A redacted charge sheet is also sent to the complainants, which include Microsoft, Expedia and Foundem, a UK-based shopping comparison website. The complainants would have a right to give evidence at such a hearing.
Following a hearing, the company can either offer legally binding commitments to change its behavior - thereby avoiding a hefty fine - or refuse to settle, in which case the Commission can impose a fine and order it to change its business practices. The company can then appeal, which would likely result in court action that can take several years. In an earlier case against Microsoft, the Commission fined the offending company again for failing to implement the remedies it had ordered properly.
Almunia rejected three settlement proposals from Google following criticism from rivals and politicians, mostly in Germany, and opposition within the Commission.
The Commission's fresh probe into Google's Android mobile operating system, which powers the majority of smartphones in Europe, comes after receiving two complaints and conducting its own initial investigation.
Android, used on smartphones and tablets, is an open-source software meaning it can be freely used and developed by anyone. However, manufacturers must enter into agreements with Google if they want to install its applications and services.

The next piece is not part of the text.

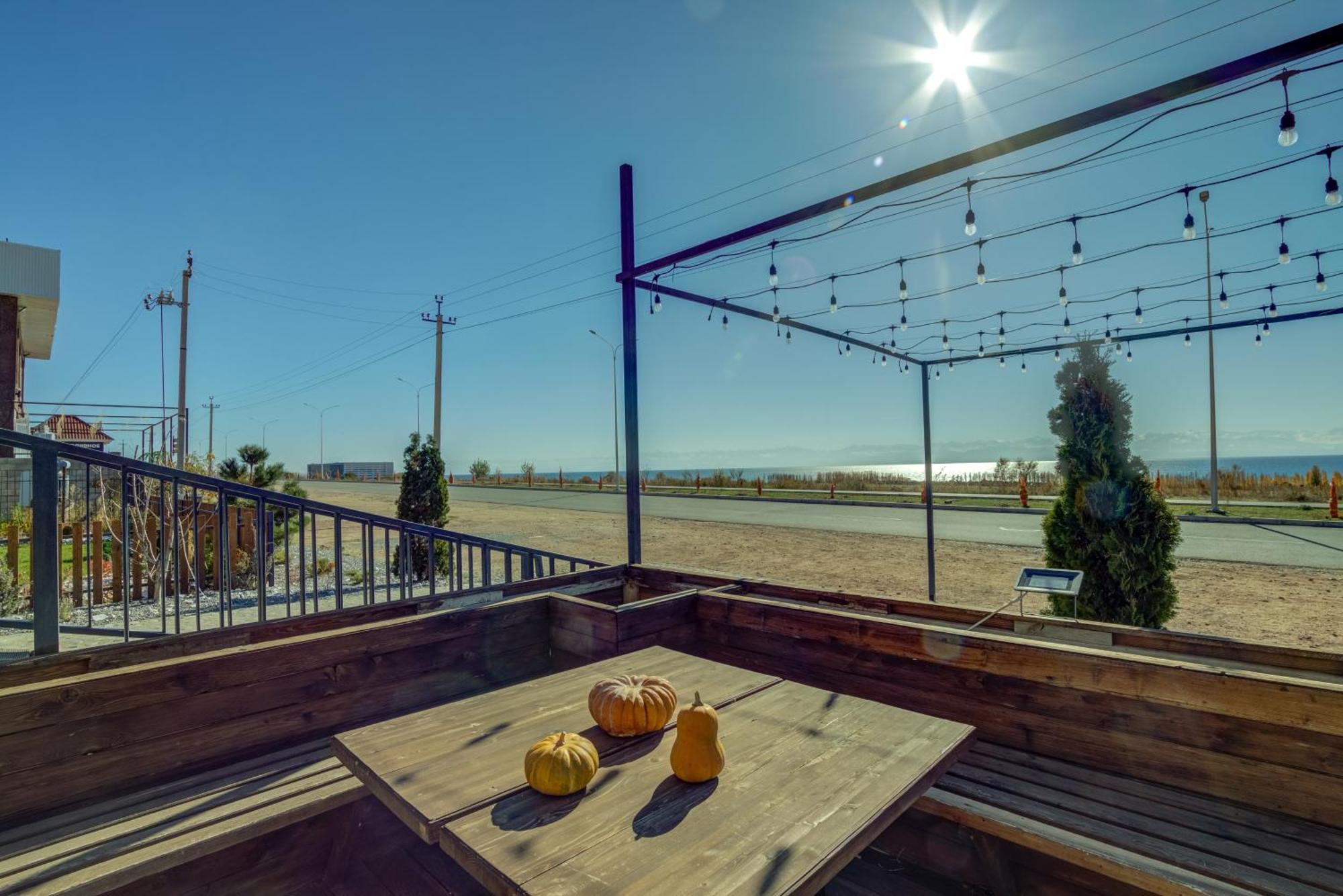 Olimp Hotel Bosteri Zewnętrze zdjęcie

The Commission will focus on three areas of concern:
- whether Google hindered the development of rival mobile applications and services by requiring manufacturers to exclusively pre-install its own applications and services, such as Google Maps;
- whether Google prohibited smartphone and tablet manufacturers from developing modified and potentially competing versions of Android on other devices;
- whether Google hindered the access of rival services and applications by bundling some of its products which are distributed on Android devices with other Google applications.
The Commission has no deadline to complete its investigation. If it finds enough evidence, it can send Google another statement of objections. In the meantime Google may try to reach a settlement by offering concessions to allay the regulator's concerns.